Our bodies are home to tiny organisms called microbes that play a big role in health, and scientists have developed a new way to track these organisms using sound. They’ve only tested the technique in mice so far, but it could one day be used to enhance treatments for gut disease and cancer.
In mammals, the microbiome consists of an ecosystem of various bacteria and fungi that live inside our bodies. More and more, research finds that microbes affect everything from digestion to infection to birth, and one promising application is to send special microbes inside the body to deliver medicine. In a study published today in the journal Nature, scientists engineered microbes to make specific sounds when they come into contact with ultrasound. This makes it possible to easily track these microbes, which could come in handy when doctors need to figure out whether they’ve reached the right location to deliver medicine.

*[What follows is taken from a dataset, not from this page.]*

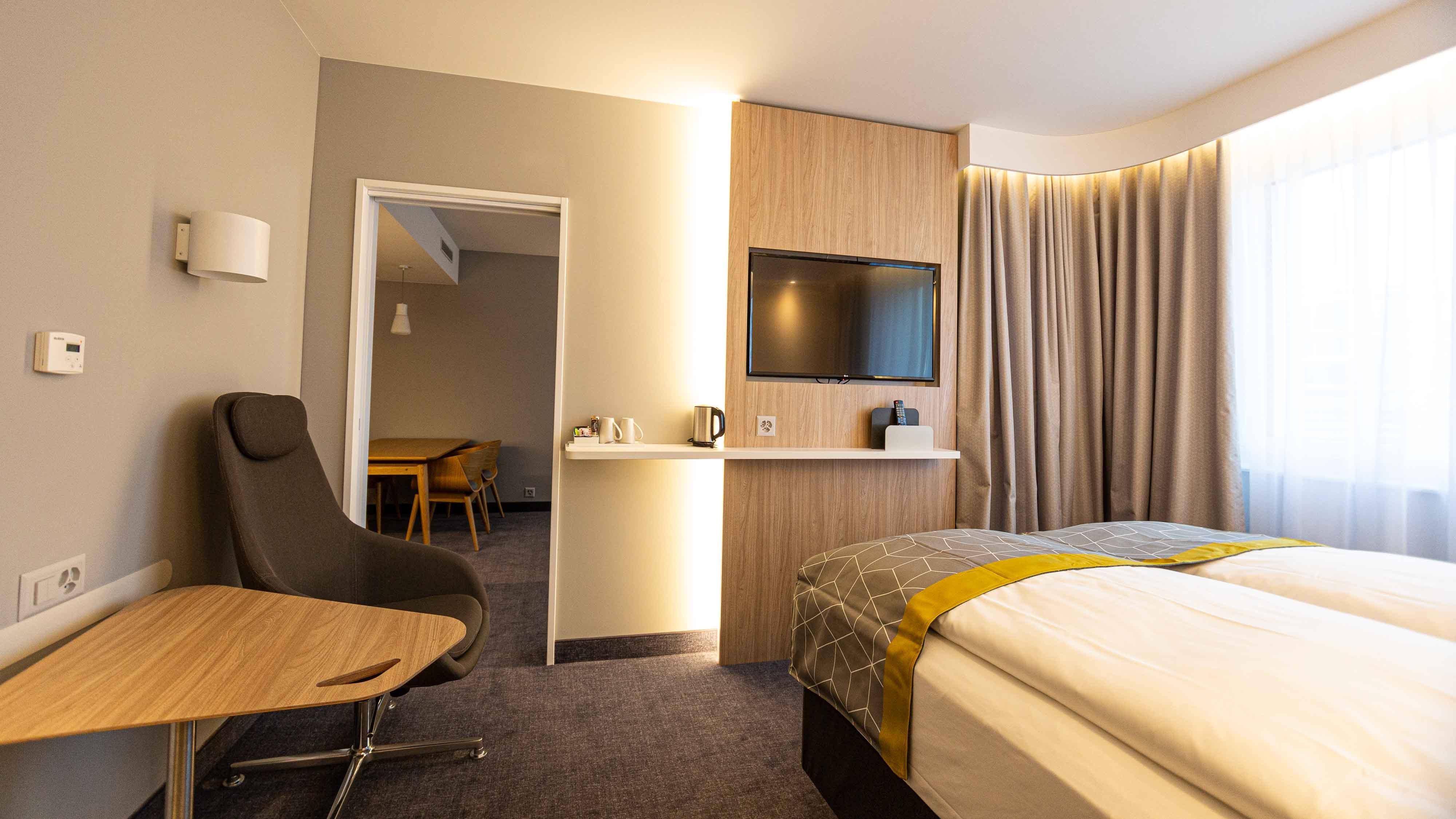 Holiday Inn Express - Aarburg - Oftringen, An Ihg Hotel מראה חיצוני תמונה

To use microbes to deliver medicine, you need to know exactly where these organisms are. That’s a challenge because microbes usually live deep inside our bodies, and our usual imaging techniques use light and can’t see through that much tissue. One alternative is ultrasound, which works by sending sound waves and analyzing the echoes that come back. (The echoes are different based on the density of the tissue that the sound wave goes through, and different patterns will tell you where something is.)
Some bacteria have hollow structures inside called gas vesicles. These vesicles scatter sound waves in a particular way, so they can be used with ultrasound to track where the organism is. For today’s study, scientists added gas vesicles to cells that don’t normally have them. They injected this engineered bacteria in a mouse gut and, separately, in a mouse tumor. In both cases, they were able to track with ultrasound.
Today’s study proves that this technique is possible, but also shows enormous promise that it can be used to monitor drug delivery in cancer patients, write biologists Ricard Solé and Nuria Conde-Pueyo, in an accompanying News & Views. It could help us study the mysteries of the microbiome in general, and perhaps even move beyond the body, to study ecosystems of microbes in the environment.